A faithful copy of every entry, with the pictures removed, is what is needed here.

→ **Records for the task**:
——————————

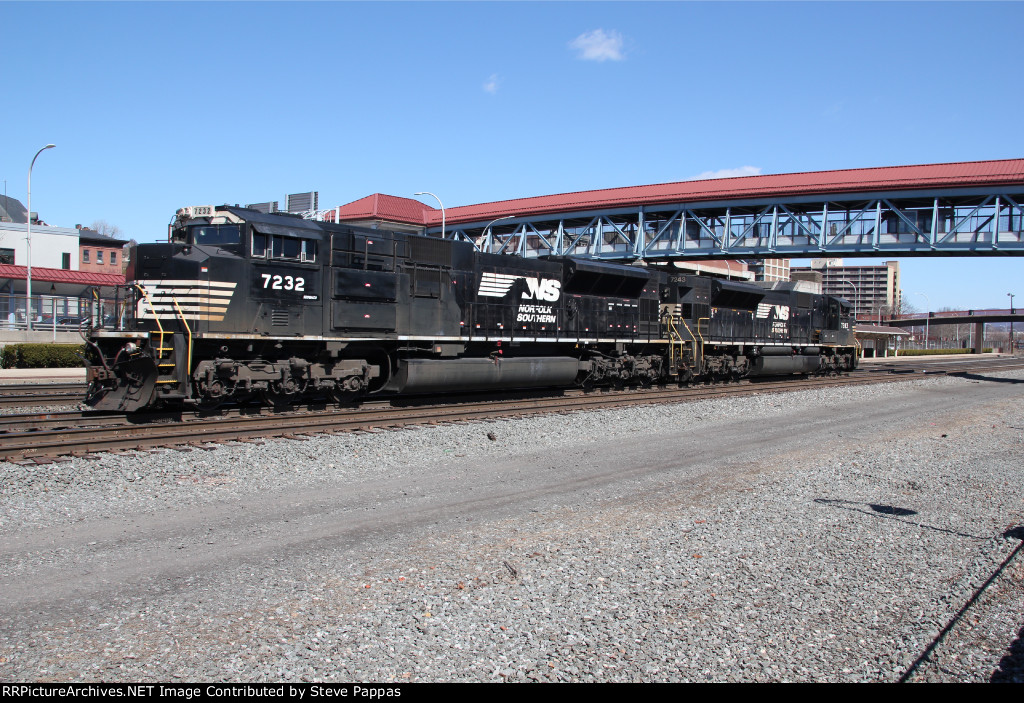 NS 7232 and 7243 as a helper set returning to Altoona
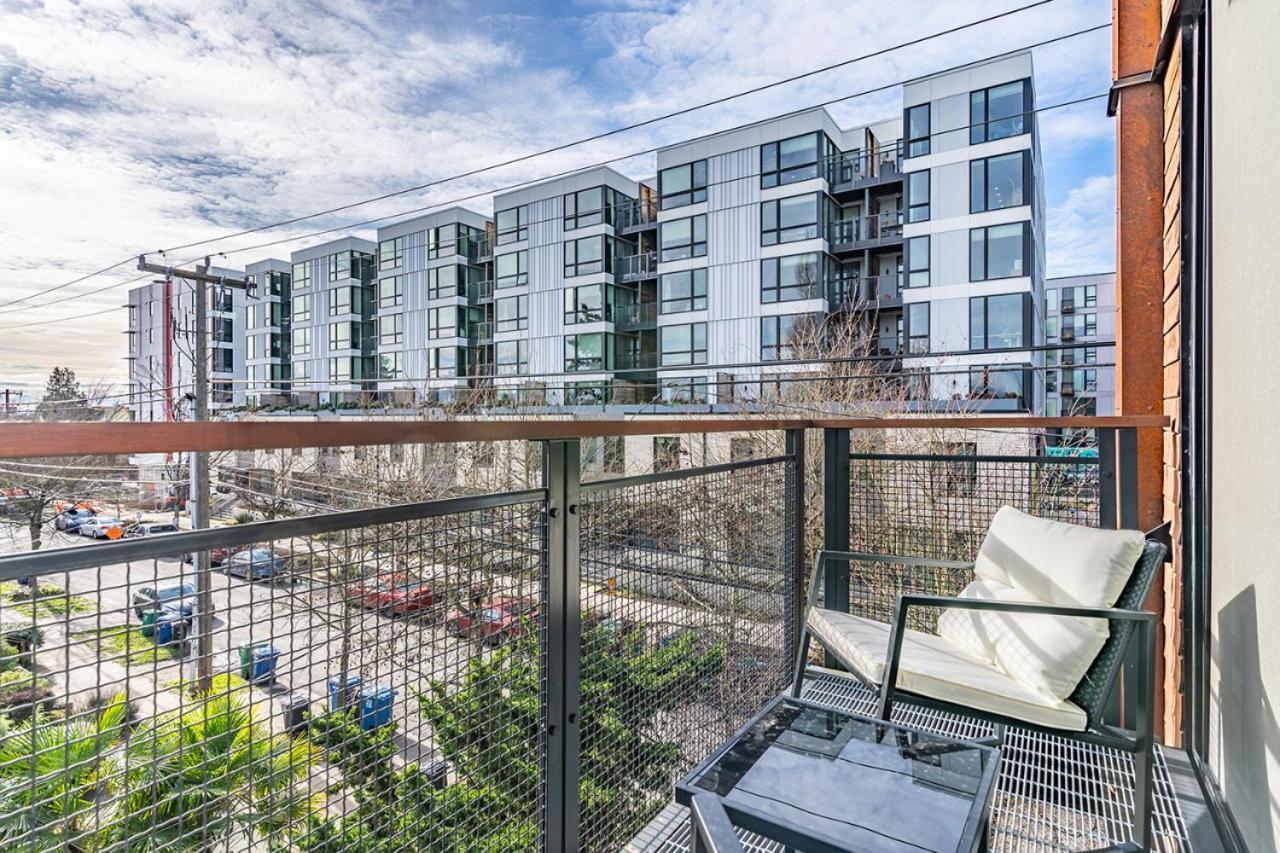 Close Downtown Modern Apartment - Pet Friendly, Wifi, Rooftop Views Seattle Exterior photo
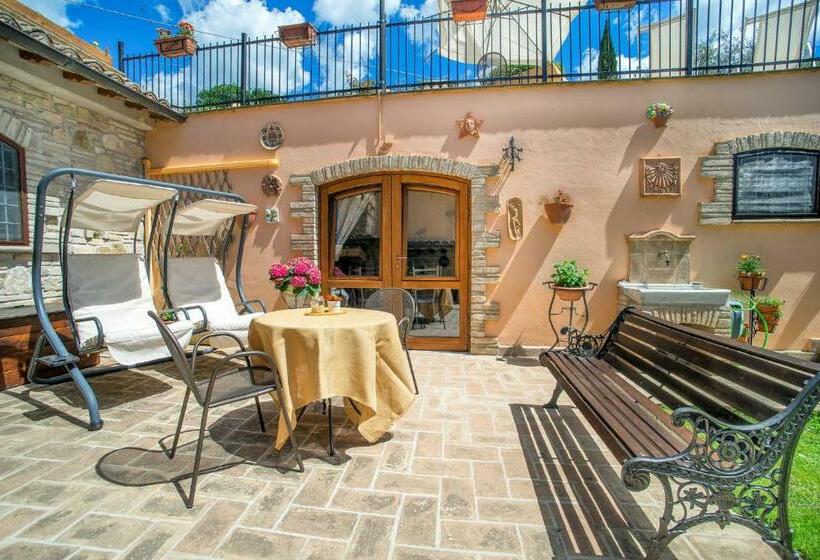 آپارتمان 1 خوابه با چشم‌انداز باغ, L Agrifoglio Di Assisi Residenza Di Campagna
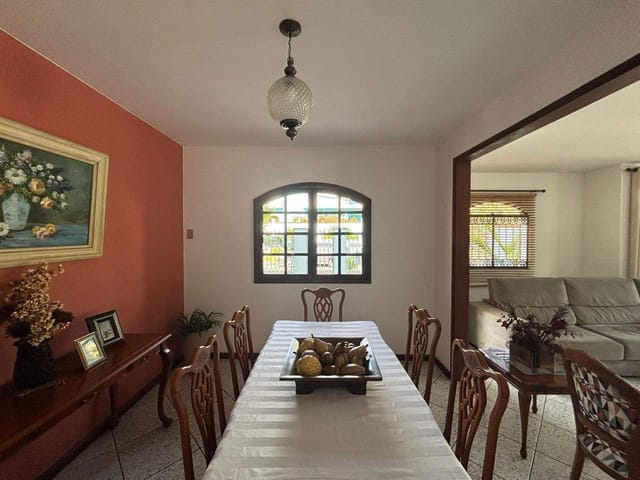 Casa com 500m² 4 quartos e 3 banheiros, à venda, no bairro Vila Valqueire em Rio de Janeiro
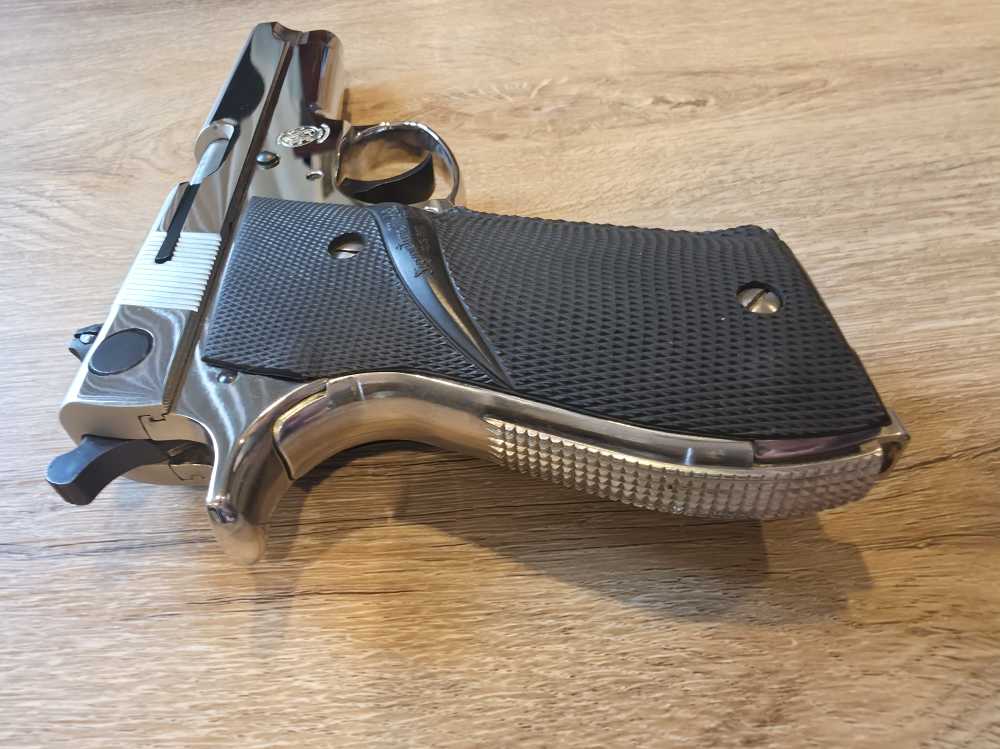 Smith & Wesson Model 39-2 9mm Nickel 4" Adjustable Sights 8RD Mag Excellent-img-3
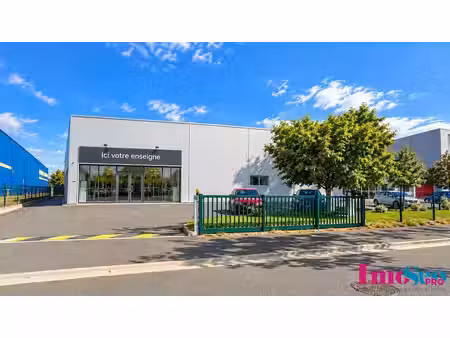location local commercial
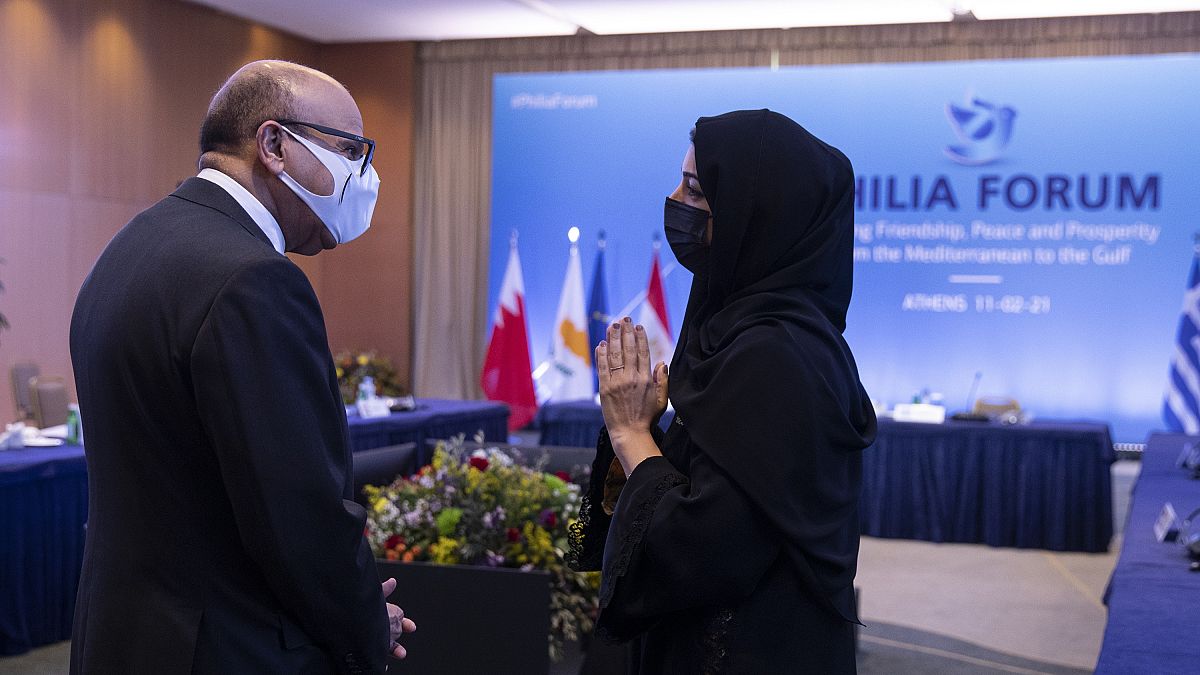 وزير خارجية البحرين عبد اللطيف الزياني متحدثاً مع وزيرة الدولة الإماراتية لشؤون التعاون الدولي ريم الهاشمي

——————————

→ **Answer space**:
 NS 7232 and 7243 as a helper set returning to Altoona
 Close Downtown Modern Apartment - Pet Friendly, Wifi, Rooftop Views Seattle Exterior photo
 آپارتمان 1 خوابه با چشم‌انداز باغ, L Agrifoglio Di Assisi Residenza Di Campagna
 Casa com 500m² 4 quartos e 3 banheiros, à venda, no bairro Vila Valqueire em Rio de Janeiro
 Smith & Wesson Model 39-2 9mm Nickel 4" Adjustable Sights 8RD Mag Excellent-img-3
location local commercial
 وزير خارجية البحرين عبد اللطيف الزياني متحدثاً مع وزيرة الدولة الإماراتية لشؤون التعاون الدولي ريم الهاشمي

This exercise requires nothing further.